As I look back and reflect on the idea of change and improvement, I am left asking one question (one that I think we should all ask): why do we care? Why do we bother?
Remaining the same is our natural state as human beings. Our bodies are regulated by homeostatic systems (core temperature, blood oxygen content, etc) that keep us functioning in a narrow band. More prosaically, we like to put our feet up, get out the pipe and slippers and not to rock the boat. To have the easy life at work, home and play.
So why are we lean thinkers different? What is our motivation? I cannot presume to know or to speak for each of you, but here are some reflections from my own experience.
First, at the heart of lean thinking are processes and the control of processes. Through our work we establish some order out of chaos, quality by design rather than by constant reaction. At a critical point in my own development, when I was a director of GKN Automotive in my mid-thirties, I realized that we were not running the company but rather running after the company. I resigned as a result. So maybe some notion of control was part of the motivation.
Secondly, when we talk of improvement, we refer mainly to the development of human capability as well as the process and the related results. Underlying this is the idea of moving towards some better or ideal state. This is almost identical to the rationalist/humanist view of progress and it may even include the idea that our activity, like humanity itself, has a purpose. For many of us, this is a comfortable thought and can serve as a motivation.
Finally, and more darkly, once we develop lean insights, we can see what others don’t; we can bring remedies that are not accessible via conventional thinking. This puts us in the position of the insider, the one who knows better. This, too, can be a source of motivation.
This led me to ask myself how our individual search for motivation and meaning interacts with our community. Let’s explore this.
As a movement, we have a need to establish a set of core principles we can coalesce around. But how to stop these becoming a dogma? How do we prevent people working with them from becoming preoccupied with the number of types of waste or the question whether stability comes before flow?

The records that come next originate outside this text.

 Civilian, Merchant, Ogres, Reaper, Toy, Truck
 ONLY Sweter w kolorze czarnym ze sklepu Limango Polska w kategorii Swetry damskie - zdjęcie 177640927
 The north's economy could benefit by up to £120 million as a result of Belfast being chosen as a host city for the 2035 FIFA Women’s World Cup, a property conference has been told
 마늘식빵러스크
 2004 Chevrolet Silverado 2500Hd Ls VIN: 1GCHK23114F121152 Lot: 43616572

With matters of heresy, apostasy or schism.
One of the advantages of lean is its apparent simplicity, which makes it accessible and explains some of its widespread adoption and success. Yet, there is a risk that this simplicity could degenerate into personal adherence to a fixed set of beliefs.
Luckily, there are reasons for optimism: we are fortunate that our leaders are not vain and have consciously avoided aligning the lean movement closely around their own person. We have neither holy texts nor holy people.

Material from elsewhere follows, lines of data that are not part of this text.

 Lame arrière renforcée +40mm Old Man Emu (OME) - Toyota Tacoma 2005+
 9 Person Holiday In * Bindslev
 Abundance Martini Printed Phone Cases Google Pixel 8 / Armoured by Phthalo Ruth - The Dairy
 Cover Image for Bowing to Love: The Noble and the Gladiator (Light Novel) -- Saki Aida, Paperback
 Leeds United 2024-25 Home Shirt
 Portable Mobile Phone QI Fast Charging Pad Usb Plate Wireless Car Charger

But the real hope lies in one of our fundamental tenets, namely the practice of discovery through experimentation, the scientific method of observation, hypothesis, experiment, evaluation and adjustment - PDCA. This is our basic way of proceeding and is the part of our dogma that prevents us from being dogmatic. Each of us, while drawing on the common good of our shared principles, is required by the very same principles to “go forth and add” to our body of knowledge.
Another topic where the lean community and the individual relate is what I call ‘Self and other’. Lean is primarily about the development of human capability. Through our lean practice, our own capability and confidence grow as we help others to develop theirs. This experience can be so strong that our lean capabilities can come close to being an identity, that we become self-absorbed. I find that the notion of the lean sensei as experienced in the West plays to this tendency. The community itself is a cure for this as we are supported by and support others around us, reminding us that the primary aim of lean practice is the development of others.
Many but not all connections between the individual and the community are characterized by tension, albeit a healthy one. One example is how we can take refuge in the lean community. Challenging the status quo induces stress in organisms, individuals and organizations. We choose to dwell in just such environments every day. Indeed we are the cause and focus of this stress. I have spent many years working in Germany and colleagues would sometimes refer to our work as a project or a study. I would answer, "In my experience, it is not a study, it is a struggle." Such extended exposure to stress can lead to isolation and the formation of unhelpful attitudes and habits. A community of likeminded people with similar experiences provides a refuge in which to reassure, recalibrate and recover.
And, in one way, the individual and the community are inseparable. Lean as a body of knowledge and practice is derived both historically and individually from experience. It is not axiomatic. Therefore, sharing experience improves and evolves the effectiveness of lean and here the community plays an important role. We don’t individually discover the meaning of lean, we can only give and extend its meaning by working together. After 30 years of practice I can confirm that, while simple, lean is such a rich approach that it is more than one mind alone can handle. So we depend on the community and, of course, the community depends on its constituent members.
Motivation will always be complex. Community involvement can give meaning to what we do. I freely admit that I have spent my professional life everyday wrestling with waste. And yet I don’t feel that it was a wasted life… and this is thanks to the people around me.
It is in the relationship between individual and community that lies the key to ensuring Lean Thinking remains relevant into the future, as the superior management philosophy it is.